▶ Problem
From the line that contains "African elephant Africa,African,African" to the last line of the data below, transcribe every line exactly. Do not include the pictures.

# # #

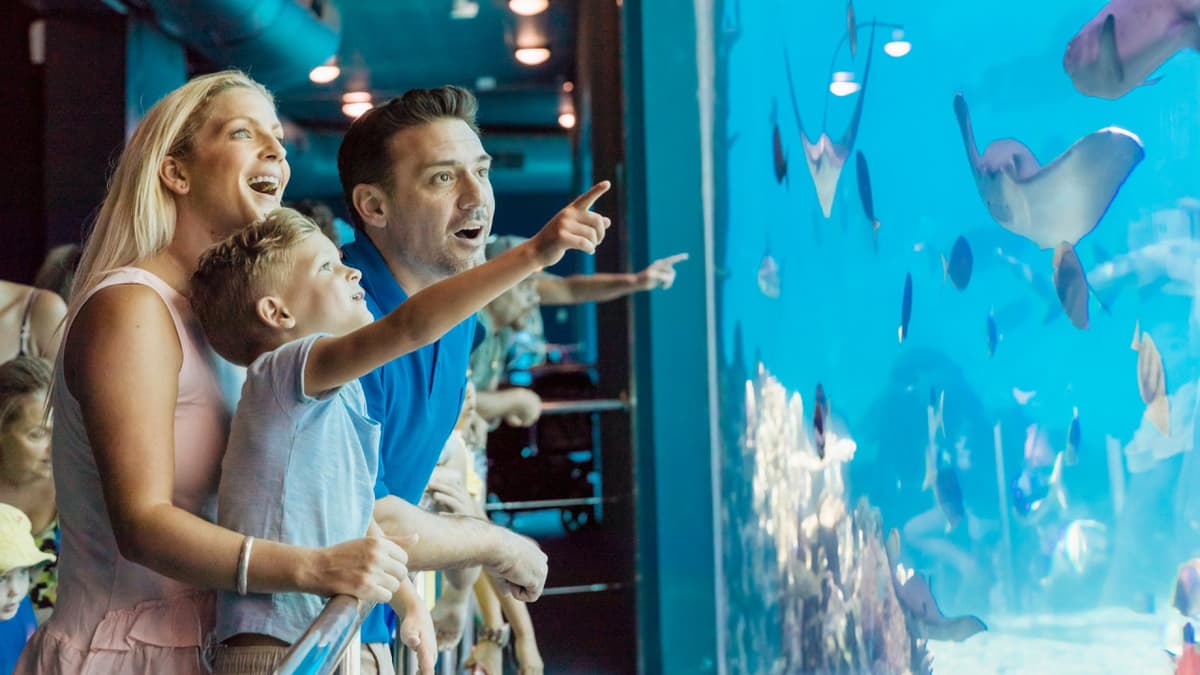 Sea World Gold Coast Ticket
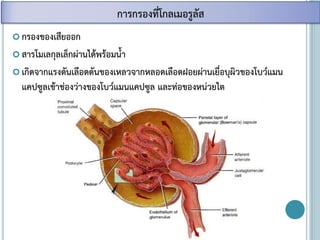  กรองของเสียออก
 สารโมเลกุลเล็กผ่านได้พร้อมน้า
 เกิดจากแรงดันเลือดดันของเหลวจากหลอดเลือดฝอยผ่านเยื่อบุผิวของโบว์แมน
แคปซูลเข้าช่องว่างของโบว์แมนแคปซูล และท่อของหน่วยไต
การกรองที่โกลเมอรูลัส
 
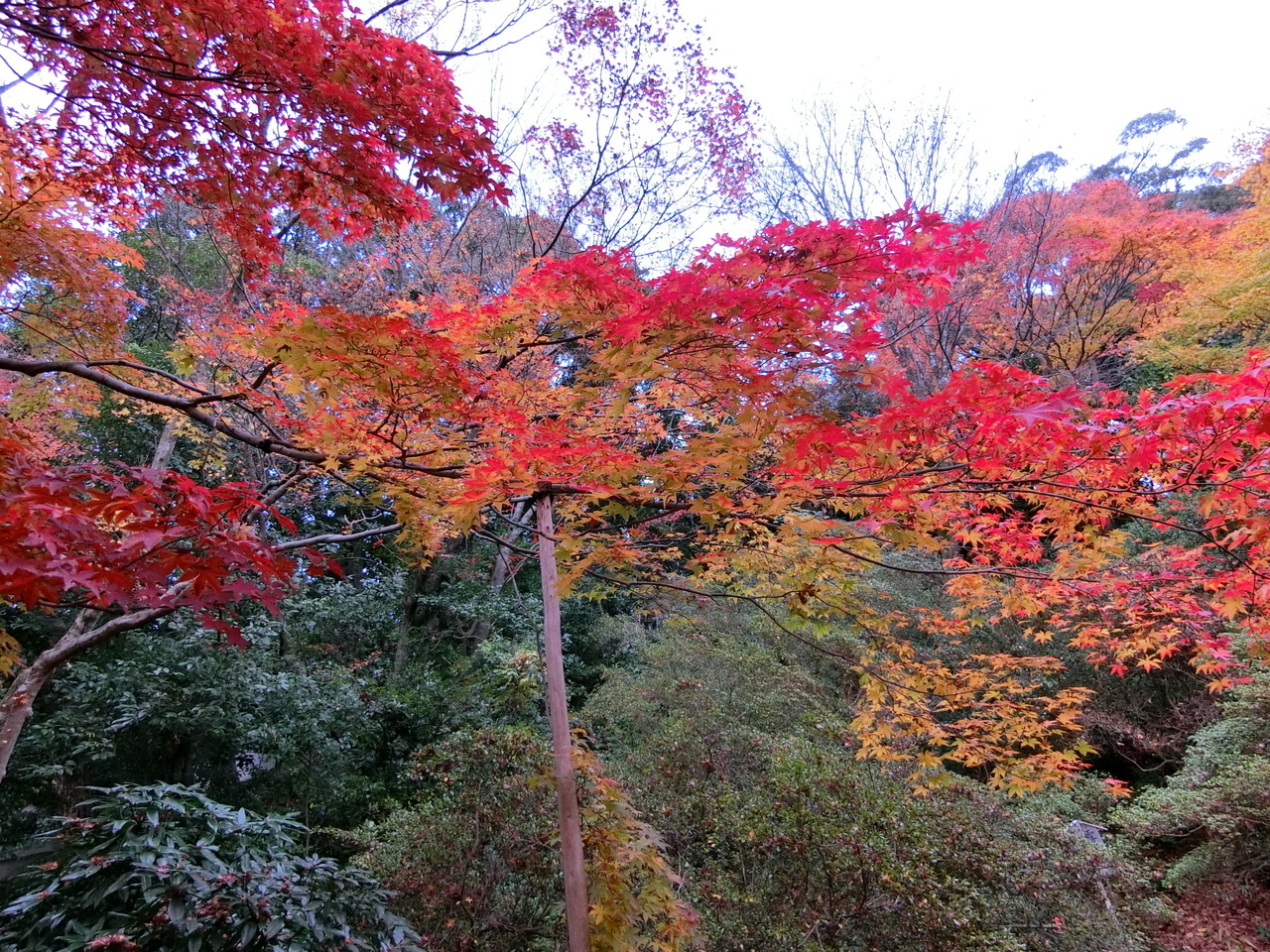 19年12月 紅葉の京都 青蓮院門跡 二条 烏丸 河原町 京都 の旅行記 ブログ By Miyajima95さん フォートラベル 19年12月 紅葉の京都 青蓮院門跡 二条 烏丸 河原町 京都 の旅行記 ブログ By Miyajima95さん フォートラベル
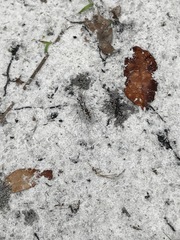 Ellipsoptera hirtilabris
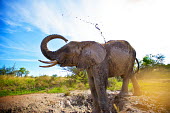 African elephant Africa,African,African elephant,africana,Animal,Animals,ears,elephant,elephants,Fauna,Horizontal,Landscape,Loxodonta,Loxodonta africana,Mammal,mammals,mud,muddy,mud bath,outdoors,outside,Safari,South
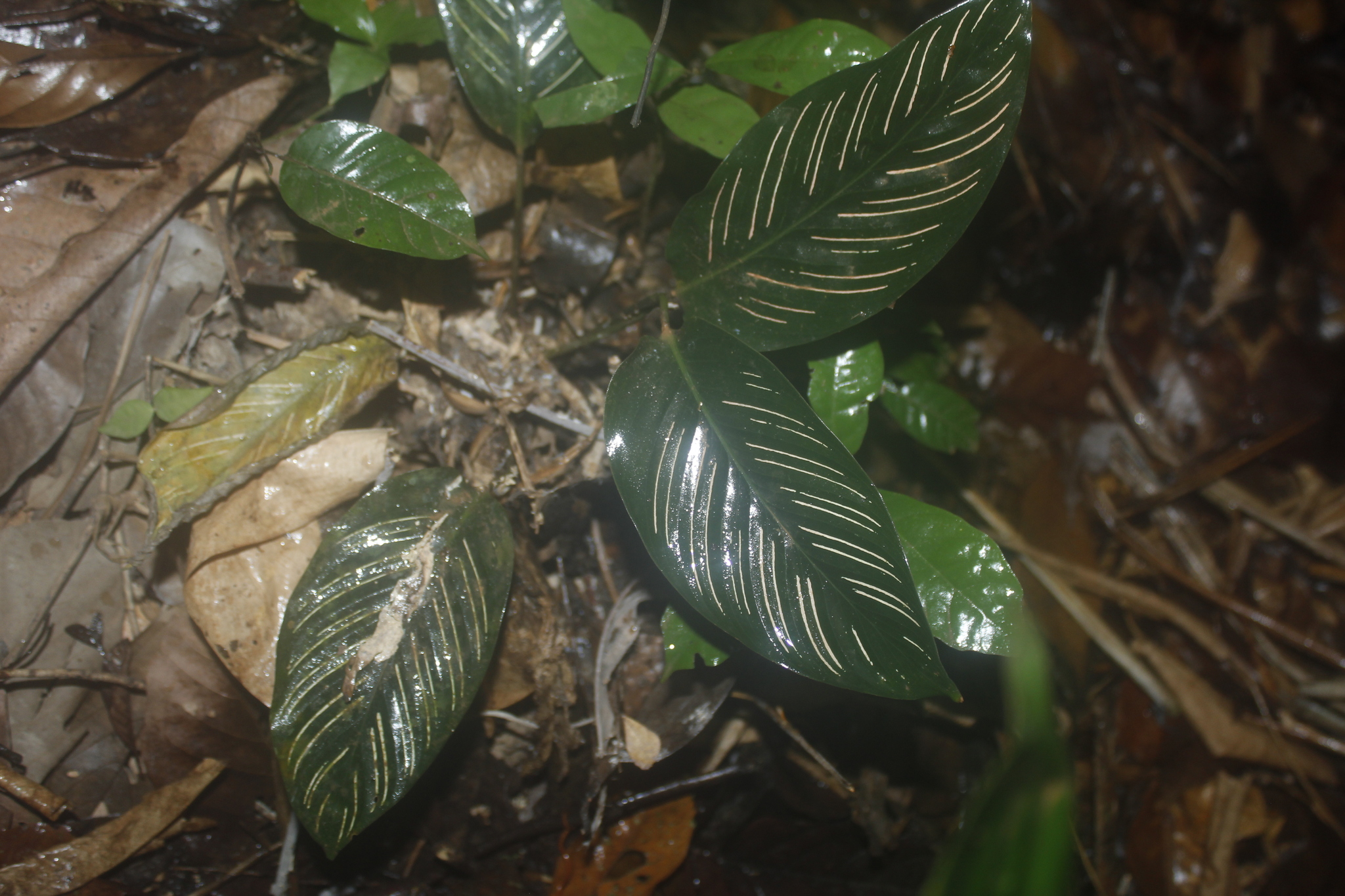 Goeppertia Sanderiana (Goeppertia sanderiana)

# # #

▶ Response area
 African elephant Africa,African,African elephant,africana,Animal,Animals,ears,elephant,elephants,Fauna,Horizontal,Landscape,Loxodonta,Loxodonta africana,Mammal,mammals,mud,muddy,mud bath,outdoors,outside,Safari,South
 Goeppertia Sanderiana (Goeppertia sanderiana)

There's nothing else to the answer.